Investigate and remediate your first open incident
What is a secret incident? What are its implications?
Secret incidents are open issues that need your attention to be resolved. They are created by our secrets detection engine that continuously scans your monitored repositories for hardcoded secrets and displays them in your GitGuardian dashboard.
Leaving a secret in plain text in source control represents a threat for the security of the resources that are protected by that secret.
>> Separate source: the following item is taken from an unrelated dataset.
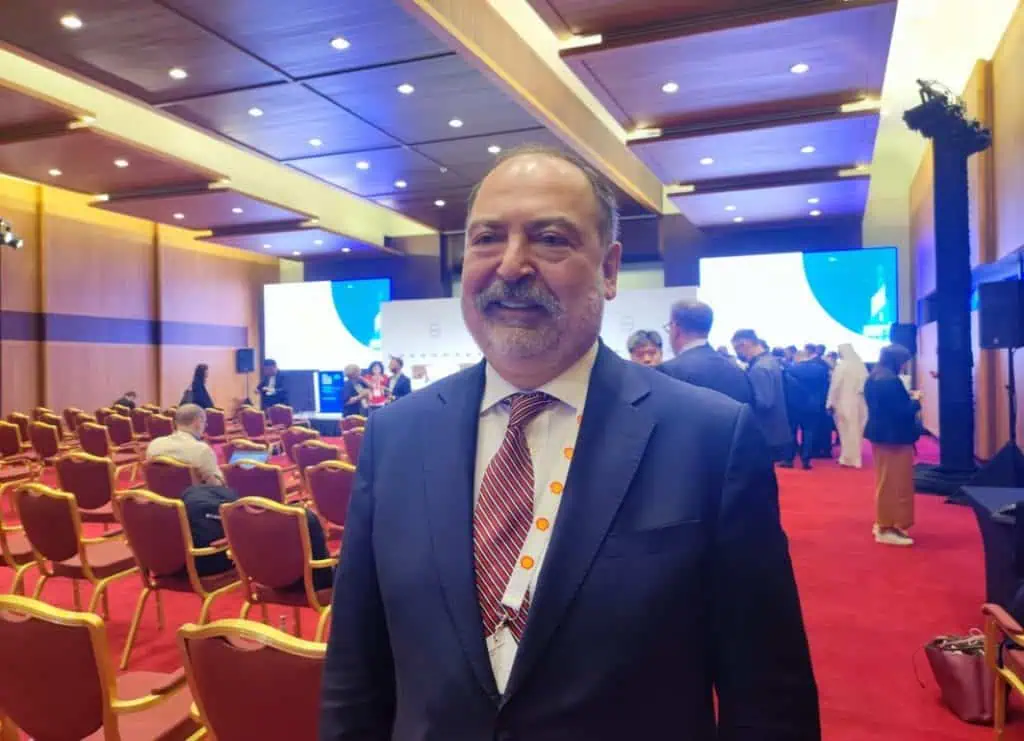 Turquía será sede de asamblea de la IATA en 2023; Pegasus Airlines, patrocinadora Turquía será sede de asamblea de la IATA en 2023; Pegasus Airlines, patrocinadora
To learn more about why hardcoded secrets are a vulnerability that needs your Application or Product Security teams' attention, read the related paragraph in our Core Concepts section of Secrets Detection.
What are the occurrences of an incident?
The same secret can be seen multiple times in your VCS. They are referred to as occurrences.
GitGuardian streamlines the remediation process by automatically grouping multiple occurrences of the same secret into a single secret incident.
Thus, an occurrence of a secret incident is uniquely identified by the combination of the following parameters:
- the source (for instance: a GitHub repository or a GitLab project) impacted by the secret occurrence,
- the commit in which we detected the secret occurrence,
- the commit file containing the secret occurrence,
- the line within the commit file where the secret occurred.
Alerts are sent only when a new incident is created or reopened because of a regression. A new occurrence attached to an already-existing open secret incident won't raise any alerts.
GitGuardian sets a maximum limit of 1,000 occurrences for a single secret incident (this does not apply to the self-hosted platform).
What are the critical steps to remediating a compromised secret?
The most important step is to revoke the secret.
Once a secret is exposed, it should be considered compromised and potentially exploited by attackers.
But to prevent operational disruption, always assess the impact of a revocation first.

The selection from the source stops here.